HILL, Sir Rowland, K.C.B. (1795-1879)
Plaque erected in 1907 by London County Council at 1 Orme Square, Bayswater, London, W2 4RS, City of Westminster
Philanthropy and Reform, Politics and Administration
SIR ROWLAND HILL 1795-1879 Postal Reformer Lived Here
Sir Rowland Hill is best known for instigating postal reform, for which he became a national celebrity in the Victorian era. He is commemorated with a blue plaque at 1 Orme Square, where he was living when the world’s first official postage stamp was released.
Rowland Hill was born in Kidderminster, Worcestershire, to the education innovator Thomas Wright Hill. He began his career following in his father’s footsteps, by becoming a student teacher at age 12. By 1819, he had helped to establish a new school in Edgbaston, near Birmingham. The school, Hazelwood, became a model of education for the emerging middle classes. He was later involved in expanding his family’s education facilities further afield, by opening the Bruce Castle School in Tottenham, Middlesex.

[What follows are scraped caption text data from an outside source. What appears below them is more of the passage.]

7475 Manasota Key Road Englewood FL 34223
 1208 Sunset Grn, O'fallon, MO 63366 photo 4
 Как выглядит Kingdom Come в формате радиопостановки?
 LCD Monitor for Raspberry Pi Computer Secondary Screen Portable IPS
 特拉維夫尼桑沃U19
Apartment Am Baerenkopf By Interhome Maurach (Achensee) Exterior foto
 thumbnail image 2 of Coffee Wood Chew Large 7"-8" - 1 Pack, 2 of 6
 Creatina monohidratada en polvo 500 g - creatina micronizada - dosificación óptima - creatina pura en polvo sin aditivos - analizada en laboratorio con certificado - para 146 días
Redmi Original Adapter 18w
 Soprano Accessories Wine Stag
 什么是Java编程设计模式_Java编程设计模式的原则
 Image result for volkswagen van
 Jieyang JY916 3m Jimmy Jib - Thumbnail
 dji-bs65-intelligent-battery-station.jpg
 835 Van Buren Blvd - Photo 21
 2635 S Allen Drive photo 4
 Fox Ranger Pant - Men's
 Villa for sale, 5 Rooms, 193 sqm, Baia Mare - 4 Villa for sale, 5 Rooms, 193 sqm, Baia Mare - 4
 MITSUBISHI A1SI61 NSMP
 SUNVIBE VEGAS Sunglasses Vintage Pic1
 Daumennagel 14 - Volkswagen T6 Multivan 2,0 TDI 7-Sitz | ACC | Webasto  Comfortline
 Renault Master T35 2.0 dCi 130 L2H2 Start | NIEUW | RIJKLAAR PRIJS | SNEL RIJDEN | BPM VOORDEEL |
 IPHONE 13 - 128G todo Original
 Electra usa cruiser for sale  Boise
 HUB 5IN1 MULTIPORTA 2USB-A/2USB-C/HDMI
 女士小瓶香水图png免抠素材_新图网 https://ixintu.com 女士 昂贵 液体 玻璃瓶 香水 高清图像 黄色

Growing tired of the family business, Hill turned his attention to other pursuits. In 1832, he produced a paper concerning the colonisation of South Australia titled Home colonies: a plan for the gradual extinction (by education) of pauperism and the diminution of crime. Three years later, Hill joined the South Australian Colonisation Commission as Secretary.
Hill was in his forties when he became interested in postal reform. At that time, England’s postal system was cumbersome and expensive, with postage costs being charged to the recipient. The amount charged was determined by a complex calculation based on the letter’s length and the distance it was posted. Hill’s influential work Post Office Reform: Its Importance and Practicability, published in 1837, argued for the principles of our modern postage systems: pre-payment and standardised pricing. Key to Hill’s recommendations was the assumption that if it were cheaper to send letters, more people would do so, including the poorer classes. He believed that this would bolster communication and trade.
Hill’s vision was realised in 1840, when the Penny Postage Act passed into law. The act saw the world’s first official postage stamps issued: the penny black and the two-penny black. Hill was living at Orme Square at this point, having moved there with his wife Caroline, née Pearson, the year before. The house is one of a pair of stucco-fronted houses and had been built not long before the Hills moved in.
The incoming government of Sir Robert Peel dispensed with Hill’s services in 1842. He relocated to Brighton, after being taken on by the London and Brighton Railway in 1843. Three years later, he was able to resume his great cause of Post Office reform, after another change of government saw him appointed Secretary to the Postmaster-General. Then, between 1854 and his retirement ten years later, Hill served as Secretary to the Post Office.
Hill was knighted for his contributions to postal reform in 1860. A major public figure, he is commemorated with statues in London, Kidderminster and Birmingham. Hill died on 27 August 1879 at Bartram House, Hampstead, where there is also a plaque to him. He was laid to rest in Westminster Abbey.